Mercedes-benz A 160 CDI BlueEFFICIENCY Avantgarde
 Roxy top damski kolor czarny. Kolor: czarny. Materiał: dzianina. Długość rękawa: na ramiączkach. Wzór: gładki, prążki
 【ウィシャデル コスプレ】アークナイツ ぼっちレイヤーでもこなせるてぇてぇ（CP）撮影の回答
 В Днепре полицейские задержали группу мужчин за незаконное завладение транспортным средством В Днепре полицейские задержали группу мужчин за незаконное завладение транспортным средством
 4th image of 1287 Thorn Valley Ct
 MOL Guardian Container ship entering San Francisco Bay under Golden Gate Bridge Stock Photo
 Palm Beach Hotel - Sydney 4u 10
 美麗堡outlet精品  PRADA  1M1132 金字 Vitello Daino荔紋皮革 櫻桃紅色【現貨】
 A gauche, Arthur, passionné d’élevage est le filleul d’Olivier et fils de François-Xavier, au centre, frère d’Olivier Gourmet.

..........

Assignment: Everything from the line containing "Palm Beach Hotel - Sydney 4u 10" to the end of the records must be written out exactly; include both of those lines and no others.

Output of the exercise:
 Palm Beach Hotel - Sydney 4u 10
 美麗堡outlet精品  PRADA  1M1132 金字 Vitello Daino荔紋皮革 櫻桃紅色【現貨】
 A gauche, Arthur, passionné d’élevage est le filleul d’Olivier et fils de François-Xavier, au centre, frère d’Olivier Gourmet.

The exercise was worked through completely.